BEGIN Input data

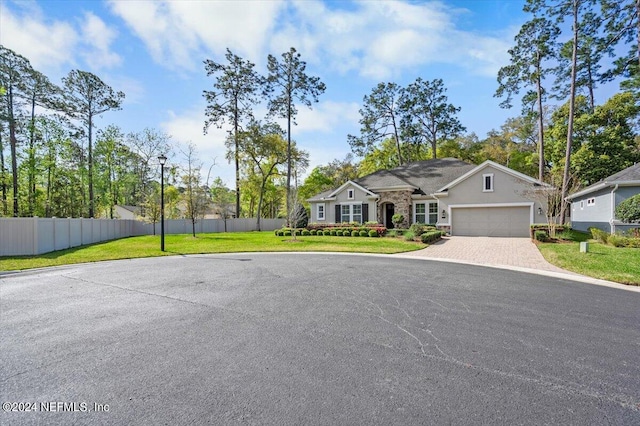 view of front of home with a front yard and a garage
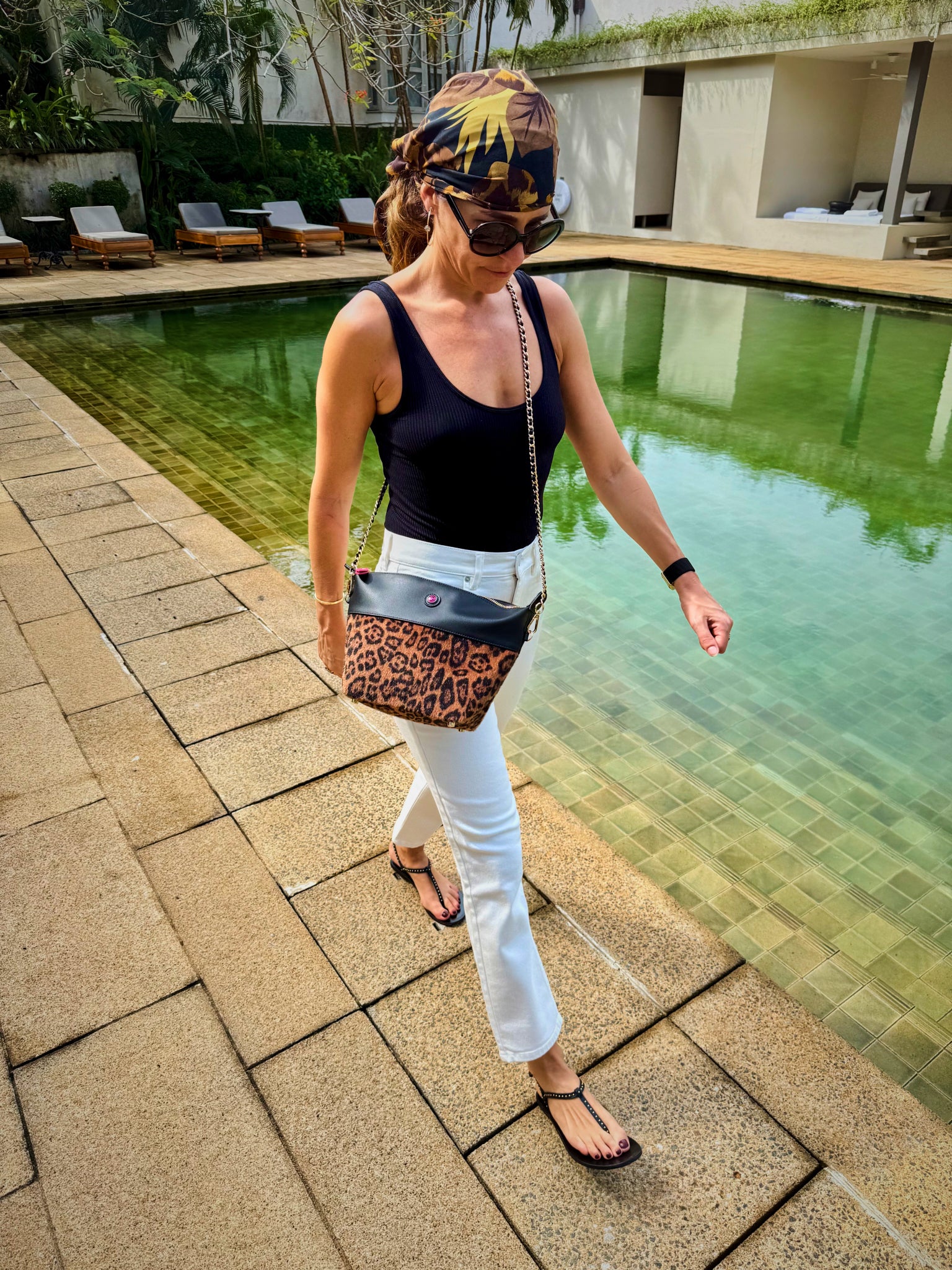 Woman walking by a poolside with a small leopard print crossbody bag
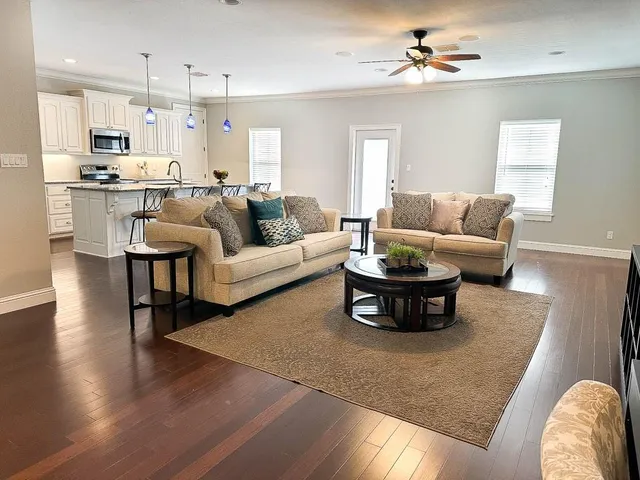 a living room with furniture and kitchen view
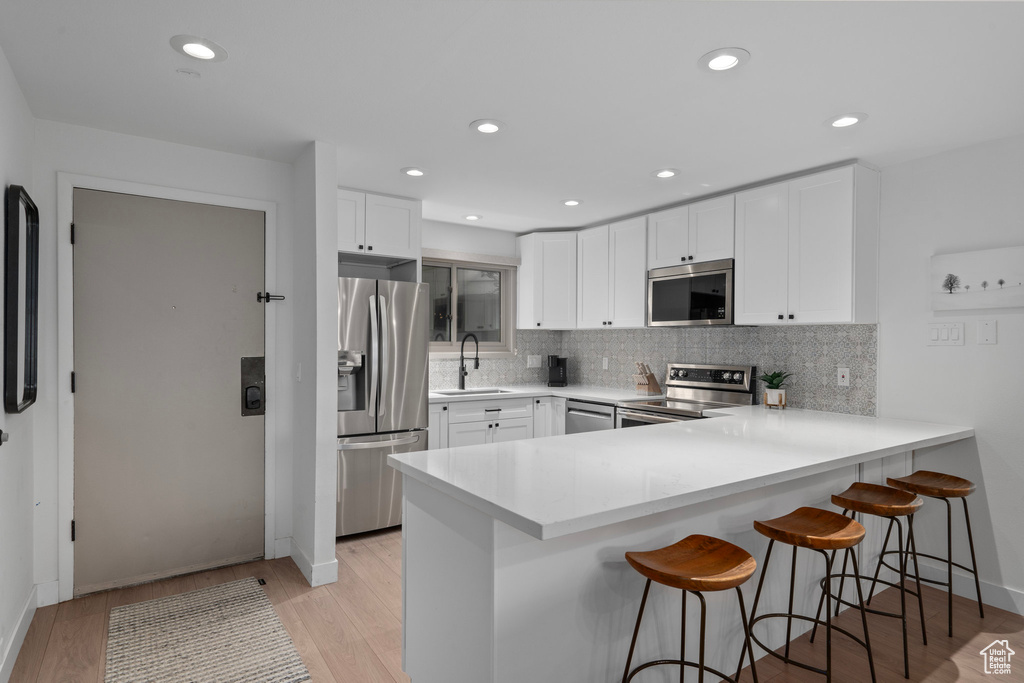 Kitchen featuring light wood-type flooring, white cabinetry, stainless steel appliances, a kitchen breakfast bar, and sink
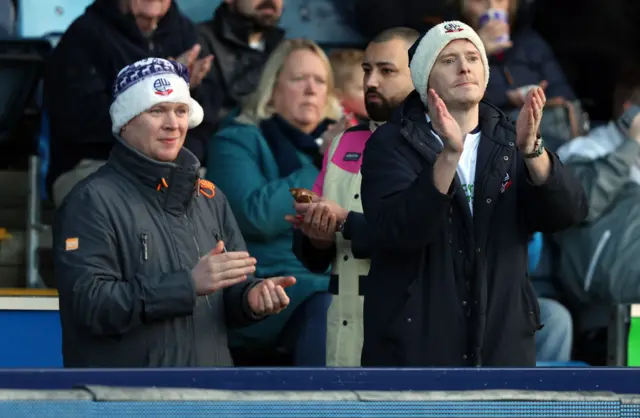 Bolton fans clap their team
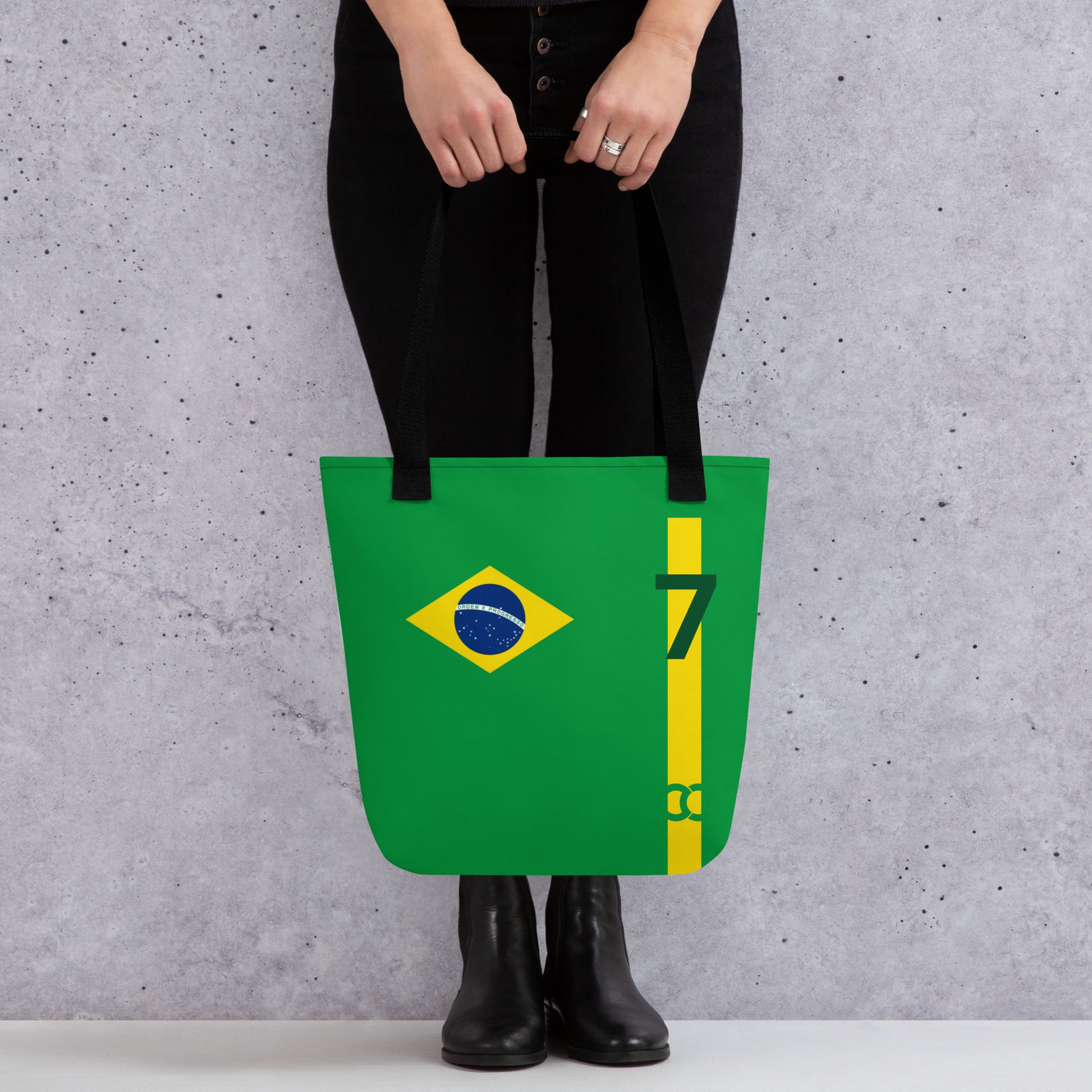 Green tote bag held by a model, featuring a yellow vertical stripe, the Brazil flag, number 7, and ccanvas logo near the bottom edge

END Input data
BEGIN Input data

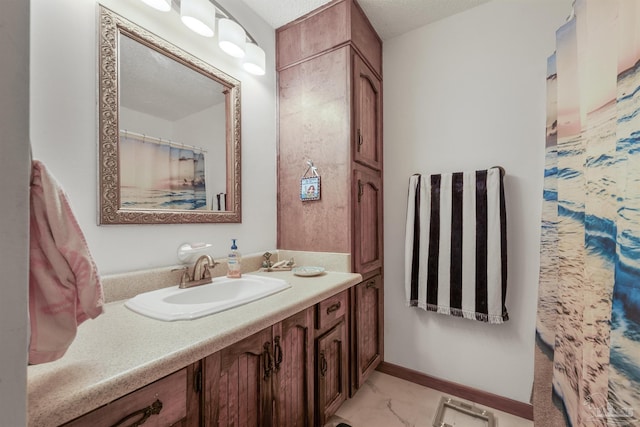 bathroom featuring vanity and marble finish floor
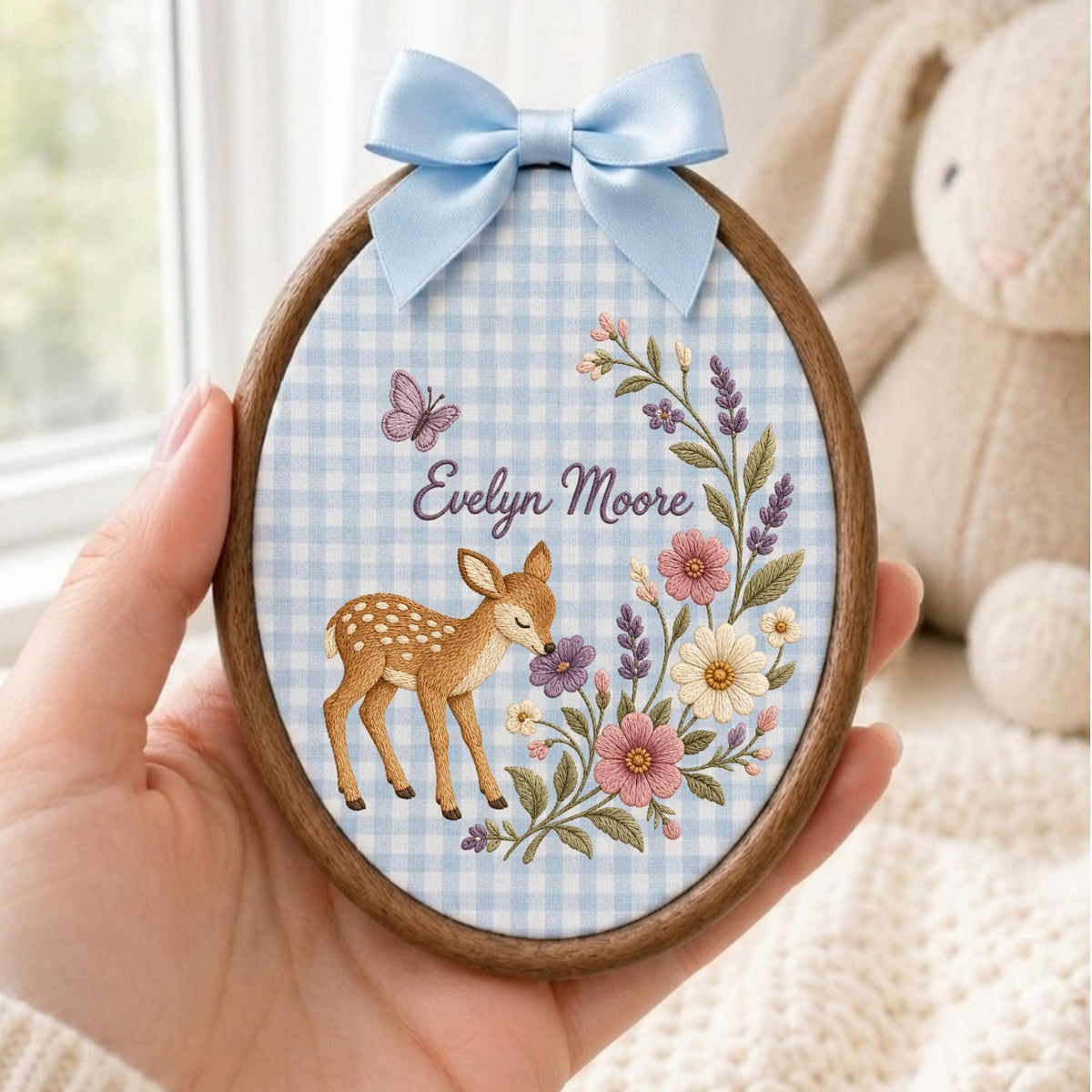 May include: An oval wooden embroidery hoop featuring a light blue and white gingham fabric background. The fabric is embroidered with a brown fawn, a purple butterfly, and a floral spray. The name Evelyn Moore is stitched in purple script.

END Input data

= The task =
Using the data above, retype exactly the lines from the line with "view of front" to the line with "Kitchen featuring light", inclusive. No pictures and nothing else.

= Solution to this problem =
 view of front of home with a front yard and a garage
 Woman walking by a poolside with a small leopard print crossbody bag
 a living room with furniture and kitchen view
 Kitchen featuring light wood-type flooring, white cabinetry, stainless steel appliances, a kitchen breakfast bar, and sink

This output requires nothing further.